We don't have such bulletproof reserves. In this case the amount of
anonymous memory that can be swapped out is relatively low, and either
something is pinning it in memory, or it's being swapped back in quickly.

>>   Now the information that 4.4 made a difference is
>> interesting. I do not really see any major differences in the reclaim
>> between 4.3 and 4.4 kernels. The reason might be somewhere else as well.
>> E.g. some of the subsystem consumes much more memory than before.
>>
>> Just curious, what kind of filesystem are you using?
> 
> I'm using ext4 only with virt-* drivers (storage, network). But it is 
> definitly a virtual memory allocation/swap usage issue.
> 
>>   Could you try some
>> additional debugging. Enabling reclaim related tracepoints might tell us
>> more. The following should tell us more
>> mount -t tracefs none /trace
>> echo 1 > /trace/events/vmscan/enable
>> echo 1 > /trace/events/writeback/writeback_congestion_wait/enable
>> cat /trace/trace_pipe > trace.log
>>
>> Collecting /proc/vmstat over time might be helpful as well
>> mkdir logs
>> while true
>> do
>> 	cp /proc/vmstat vmstat.$(date +%s)
>> 	sleep 1s
>> done
> 
> Activated it. But I think it should be very easy to trigger also on your 
> side. A very small configured VM with a program running RAM 
> allocations/writes (I guess you have some testing programs already) 
> should be sufficient to trigger it. You can also use the attached 
> program which I used to trigger such situations some years ago. If it 
> doesn't help try to reduce the available CPU for the VM and also I/O 
> (e.g. use all CPU/IO on the host or other VMs).

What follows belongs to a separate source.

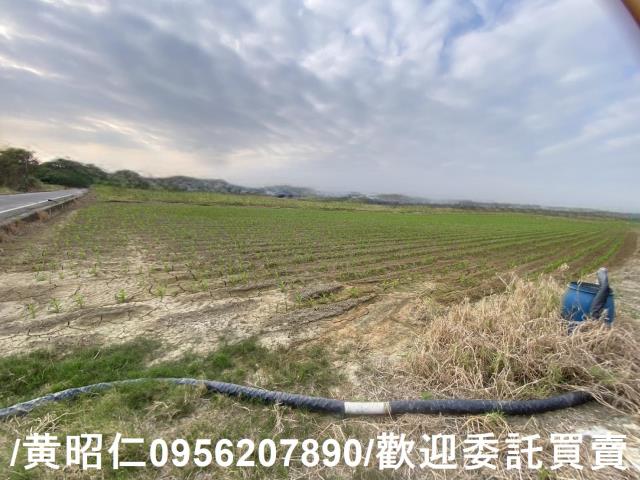 新市農地-2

Well it's not really a surprise that if the VM is small enough and
workload large enough, OOM killer will kick in. The exact threshold
might have changed between kernel versions for a number of possible reasons.

> 
> BTW: Don't know if you have seen also my original message on the kernel 
> mailinglist only:
> 
> Linus had also OOM problems with 1kB RAM requests and a lot of free RAM 
> (use a translation service for the german page):
> https://lkml.org/lkml/2016/11/30/64
> https://marius.bloggt-in-braunschweig.de/2016/11/17/linuxkernel-4-74-8-und-der-oom-killer/
> https://www.spinics.net/lists/linux-mm/msg113661.html

Yeah we were involved in the last one. The regressions were about
high-order allocations
though (the 1kB premise turned out to be misinterpretation) and there
were regressions
for those in 4.7/4.8. But yours are order-0.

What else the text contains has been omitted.